If Congress lets unemployment benefits expire this week for the long-term unemployed, they won't be the only ones to feel the pain. The overall economy would suffer, too.

Unemployment benefits help drive the economy because the jobless tend to spend every dollar they get, pumping cash into businesses. A cutoff of aid for millions of people unemployed for more than six months could squeeze a fragile economy, analysts say. Among the consequences they envision over the next year:

• Annual economic growth could fall by one half to nearly 1 percentage point.

• Up to 1 million more people could lose their jobs.

• Hundreds of thousands would fall into poverty.

"Look for homelessness to rise and food lines to get longer as we approach Christmas if the situation can't be resolved," says Diane Swonk, chief economist at Mesirow Financial.

The issue is expected to be taken up in the lame-duck session of Congress that resumed Monday. Among other unfinished business, lawmakers are likely to vote on whether to extend 2001 and 2003 tax cuts that are set to expire at year's end.

Sheryl Hutchison, a spokeswoman for the Washington state Employment Security Department, said the end of federal benefits would not pose an immediate problem for the state. "In terms of how many people in our state are going to run out of benefits right away because of the end of EUC (emergency unemployment compensation), virtually no one," she said.

For the most part, they'll move into a different program that provides benefits up to 20 weeks, she said.

The average weekly payment for the roughly 8.5 million people receiving unemployment benefits is $302.90. But it ranges widely: from an average of $118.82 in Puerto Rico to an average of $419.53 in Hawaii. Each state sets the amount through a formula meant to replace a portion of an unemployed person's old income.

That money ripples through the economy, into supermarkets, gasoline stations, utilities, convenience stores. That allows those businesses to hire more people, who, in turn, spend more money.

The Congressional Budget Office says every $1 spent on unemployment benefits generates up to $1.90 in economic growth. The program is the most effective government policy for generating growth among 11 options the CBO has analyzed.

Mark Zandi, chief economist at Moody's Analytics, puts the bang-for-a-buck figure at $1.61, and a recent Labor Department study estimates it at $2.

Some economists worry that renewing jobless aid would discourage some unemployed people from seeking work. But a study this year by the Federal Reserve Bank of San Francisco downplayed the impact as "quite small."

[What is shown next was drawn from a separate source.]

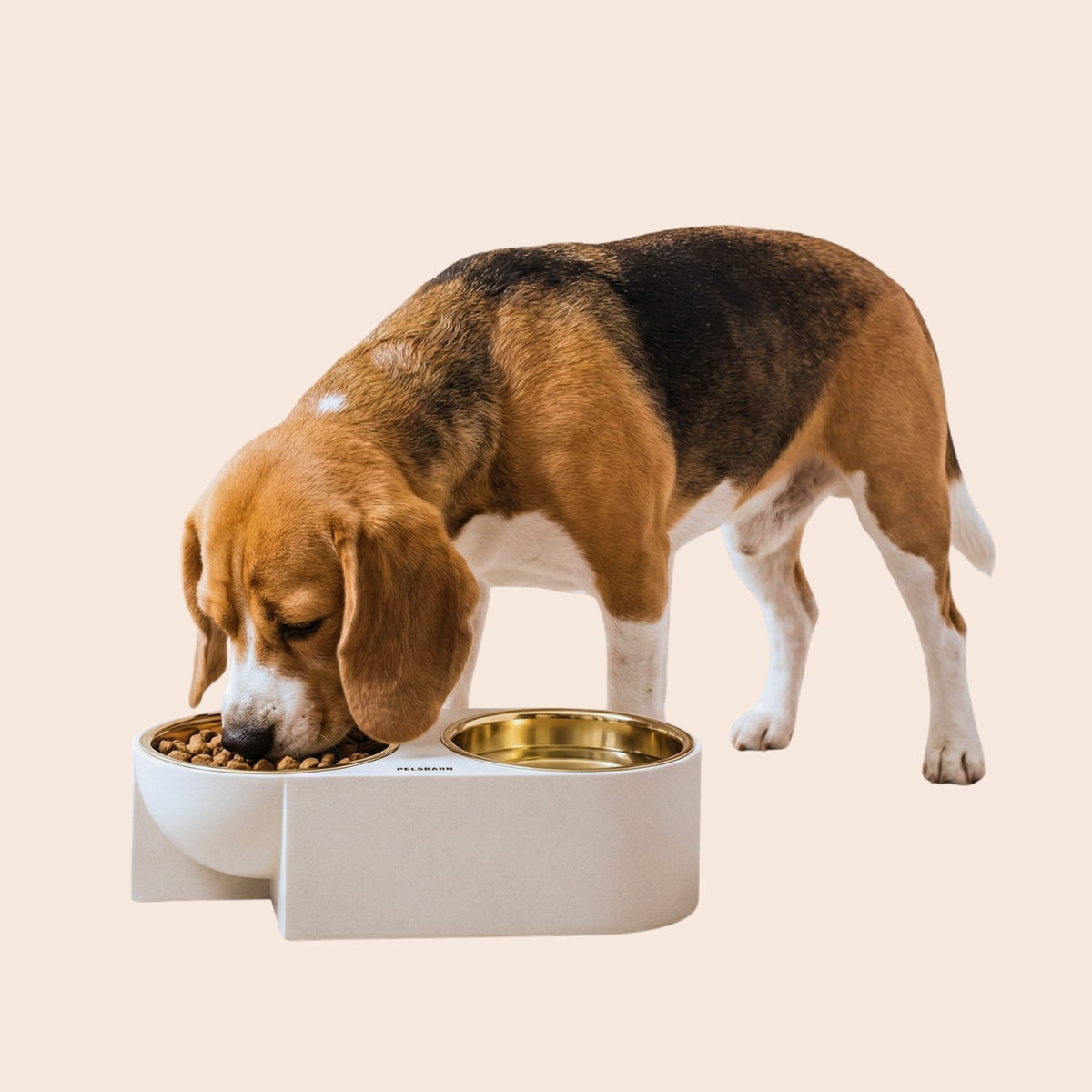 Dual Dinner Bowl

For most recipients, the average $300 weekly unemployment check doesn't go very far: It covers just half of basic household expenses, according to the National Employment Law Project.

Set to spend

Analyst Mark Miller of William Blair & Co. figures that, in particular, such discount retailers as Dollar General and Family Dollar will see their revenue pinched by a couple of percentage points next year if extended unemployment benefits expire.

"If you've been unemployed for six months, you've gone through your savings," says Heidi Shierholz, economist at the Economic Policy Institute. "You have no choice but to spend [benefits] immediately."

By contrast, money given to higher-income families — say, through tax cuts — tends to deliver less economic benefit because those taxpayers typically save a big chunk of their windfall.

In July 2008, Congress began extending unemployment benefits, which can now last for up to a record 99 weeks: 26 weeks of regular benefits from the states, plus up to 73 weeks in federal aid in states with high unemployment rates. As of last week, about half the states offered the maximum 99 weeks of benefits. The extended federal benefits will start phasing out on Wednesday if Congress doesn't act.

When lawmakers extended the benefits, they were responding to a jobs crisis: Unemployment was on its way to double digits for the first time since the 1981-82 recession. The long-term unemployed — those out of work for more than six months — hit a record-high 6.8 million in May this year. Those people represented 46 percent of all unemployed Americans. That's the highest such proportion on record dating to 1948.

Unemployment peaked at 10.1 percent in October 2009. It's been stuck at 9.6 percent since August.

At its peak in the first week of this year, slightly more than 12 million people were receiving unemployment benefits — the most on records dating to 1986. The Labor Department estimates that if Congress lets the aid run out, nearly 2 million people will lose their benefits by Christmas.

Impact on poverty

Without an extension of aid, the number of impoverished Americans would rise, economists say. The income from unemployment checks kept 3.3 million people from falling into poverty in 2009, according to government estimates. The Census Bureau defines poverty as annual income of less than about $22,000 for a family of four.

Republican lawmakers oppose an extension of the unemployment aid if it would enlarge the government's $1.3 trillion budget deficit. They insist that the cost — around $5 billion a month — be offset with budget cuts elsewhere. Those cuts would reduce the economic impact of extending the benefits. Some in Congress want to pair an extension of unemployment aid with a deal to also extend the Bush-era tax cuts.